### REQUIRED WORK
Below are several records. Retype exactly those lines running from the one with "ROGERIO ALVES" through the one with "The Beginning After", end lines included, and no others.

### TASK MATERIAL
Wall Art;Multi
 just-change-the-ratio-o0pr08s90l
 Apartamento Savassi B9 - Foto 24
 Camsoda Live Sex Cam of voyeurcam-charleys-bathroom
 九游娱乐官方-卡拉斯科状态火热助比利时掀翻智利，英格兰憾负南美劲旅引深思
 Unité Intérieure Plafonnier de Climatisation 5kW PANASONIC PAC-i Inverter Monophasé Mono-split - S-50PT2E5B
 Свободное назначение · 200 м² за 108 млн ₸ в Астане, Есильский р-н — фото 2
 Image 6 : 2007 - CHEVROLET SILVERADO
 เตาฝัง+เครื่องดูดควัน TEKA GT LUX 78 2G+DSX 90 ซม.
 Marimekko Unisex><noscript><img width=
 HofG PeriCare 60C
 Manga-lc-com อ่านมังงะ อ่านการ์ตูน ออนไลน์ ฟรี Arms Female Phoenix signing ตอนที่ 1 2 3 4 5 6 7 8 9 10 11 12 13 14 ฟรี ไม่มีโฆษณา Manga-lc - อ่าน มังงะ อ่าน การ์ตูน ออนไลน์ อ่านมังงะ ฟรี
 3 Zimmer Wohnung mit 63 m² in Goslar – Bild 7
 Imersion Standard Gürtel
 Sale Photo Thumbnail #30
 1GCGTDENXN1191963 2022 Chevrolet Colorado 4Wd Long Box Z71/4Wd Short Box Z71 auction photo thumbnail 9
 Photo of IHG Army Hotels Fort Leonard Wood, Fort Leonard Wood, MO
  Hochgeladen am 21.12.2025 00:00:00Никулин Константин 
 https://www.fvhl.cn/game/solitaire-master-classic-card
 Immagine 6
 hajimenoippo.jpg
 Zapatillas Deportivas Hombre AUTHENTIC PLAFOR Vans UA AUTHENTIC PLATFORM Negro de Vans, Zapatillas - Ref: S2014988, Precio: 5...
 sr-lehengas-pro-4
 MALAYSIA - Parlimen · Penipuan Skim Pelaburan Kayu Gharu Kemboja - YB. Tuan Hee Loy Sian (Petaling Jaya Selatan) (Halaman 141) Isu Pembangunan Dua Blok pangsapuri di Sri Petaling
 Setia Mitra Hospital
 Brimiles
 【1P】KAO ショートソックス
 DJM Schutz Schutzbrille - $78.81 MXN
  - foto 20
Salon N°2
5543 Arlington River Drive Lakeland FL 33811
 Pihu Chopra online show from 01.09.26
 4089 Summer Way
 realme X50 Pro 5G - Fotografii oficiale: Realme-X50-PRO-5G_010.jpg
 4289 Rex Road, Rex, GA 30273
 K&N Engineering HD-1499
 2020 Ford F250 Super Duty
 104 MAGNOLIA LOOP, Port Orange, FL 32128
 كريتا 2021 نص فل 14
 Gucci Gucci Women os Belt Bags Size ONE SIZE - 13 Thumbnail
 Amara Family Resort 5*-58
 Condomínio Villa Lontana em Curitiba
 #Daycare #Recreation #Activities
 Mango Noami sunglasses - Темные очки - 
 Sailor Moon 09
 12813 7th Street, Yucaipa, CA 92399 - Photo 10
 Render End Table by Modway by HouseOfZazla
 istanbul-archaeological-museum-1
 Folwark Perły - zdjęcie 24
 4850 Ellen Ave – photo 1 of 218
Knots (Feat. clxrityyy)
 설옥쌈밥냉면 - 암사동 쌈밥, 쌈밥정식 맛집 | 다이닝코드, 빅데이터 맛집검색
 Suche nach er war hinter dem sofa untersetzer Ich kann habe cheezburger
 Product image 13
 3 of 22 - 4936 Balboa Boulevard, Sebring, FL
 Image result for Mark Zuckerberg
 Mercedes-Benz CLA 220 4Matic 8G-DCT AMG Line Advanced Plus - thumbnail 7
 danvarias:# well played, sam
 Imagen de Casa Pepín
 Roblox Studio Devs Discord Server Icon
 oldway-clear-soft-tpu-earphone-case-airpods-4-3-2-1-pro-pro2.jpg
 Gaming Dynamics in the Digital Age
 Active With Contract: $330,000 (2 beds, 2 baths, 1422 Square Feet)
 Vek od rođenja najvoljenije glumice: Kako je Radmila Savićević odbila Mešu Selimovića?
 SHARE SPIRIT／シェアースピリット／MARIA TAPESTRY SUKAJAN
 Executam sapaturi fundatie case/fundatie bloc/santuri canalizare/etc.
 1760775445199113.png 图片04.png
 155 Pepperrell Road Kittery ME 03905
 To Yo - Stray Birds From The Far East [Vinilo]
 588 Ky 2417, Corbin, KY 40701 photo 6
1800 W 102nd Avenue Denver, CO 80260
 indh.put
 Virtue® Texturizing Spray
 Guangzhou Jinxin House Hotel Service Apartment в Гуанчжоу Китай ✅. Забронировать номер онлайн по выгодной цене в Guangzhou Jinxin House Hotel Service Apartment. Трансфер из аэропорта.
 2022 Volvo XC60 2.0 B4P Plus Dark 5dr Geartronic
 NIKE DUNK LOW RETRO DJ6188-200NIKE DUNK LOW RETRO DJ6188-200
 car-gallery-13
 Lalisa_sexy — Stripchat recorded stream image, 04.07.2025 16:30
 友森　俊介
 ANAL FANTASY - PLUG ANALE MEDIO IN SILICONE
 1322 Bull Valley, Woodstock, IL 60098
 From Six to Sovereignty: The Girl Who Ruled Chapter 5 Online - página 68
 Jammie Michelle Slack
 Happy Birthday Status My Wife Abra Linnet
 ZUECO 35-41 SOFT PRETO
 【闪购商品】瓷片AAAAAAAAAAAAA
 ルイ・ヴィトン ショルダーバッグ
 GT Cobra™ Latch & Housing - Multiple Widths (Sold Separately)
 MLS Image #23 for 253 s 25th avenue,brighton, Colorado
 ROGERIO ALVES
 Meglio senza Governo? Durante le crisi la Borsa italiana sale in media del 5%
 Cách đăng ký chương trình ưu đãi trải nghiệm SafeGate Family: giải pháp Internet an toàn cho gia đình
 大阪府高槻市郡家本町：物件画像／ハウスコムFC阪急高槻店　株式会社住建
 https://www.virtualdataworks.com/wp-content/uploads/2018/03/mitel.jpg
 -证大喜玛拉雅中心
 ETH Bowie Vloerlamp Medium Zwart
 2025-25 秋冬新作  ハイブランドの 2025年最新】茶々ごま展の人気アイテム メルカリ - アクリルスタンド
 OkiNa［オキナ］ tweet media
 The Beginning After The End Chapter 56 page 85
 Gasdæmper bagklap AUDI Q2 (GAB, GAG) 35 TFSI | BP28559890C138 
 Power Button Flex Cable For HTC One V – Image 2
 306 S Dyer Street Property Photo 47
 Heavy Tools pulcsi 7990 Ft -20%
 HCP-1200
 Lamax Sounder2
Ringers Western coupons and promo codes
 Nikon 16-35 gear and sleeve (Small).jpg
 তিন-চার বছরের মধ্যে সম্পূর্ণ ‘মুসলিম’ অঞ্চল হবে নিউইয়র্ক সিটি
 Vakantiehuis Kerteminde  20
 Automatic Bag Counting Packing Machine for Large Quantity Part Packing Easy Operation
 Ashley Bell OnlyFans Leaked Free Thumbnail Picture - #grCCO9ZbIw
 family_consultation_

### OUTPUT OF THE EXERCISE
 ROGERIO ALVES
 Meglio senza Governo? Durante le crisi la Borsa italiana sale in media del 5%
 Cách đăng ký chương trình ưu đãi trải nghiệm SafeGate Family: giải pháp Internet an toàn cho gia đình
 大阪府高槻市郡家本町：物件画像／ハウスコムFC阪急高槻店　株式会社住建
 https://www.virtualdataworks.com/wp-content/uploads/2018/03/mitel.jpg
 -证大喜玛拉雅中心
 ETH Bowie Vloerlamp Medium Zwart
 2025-25 秋冬新作  ハイブランドの 2025年最新】茶々ごま展の人気アイテム メルカリ - アクリルスタンド
 OkiNa［オキナ］ tweet media
 The Beginning After The End Chapter 56 page 85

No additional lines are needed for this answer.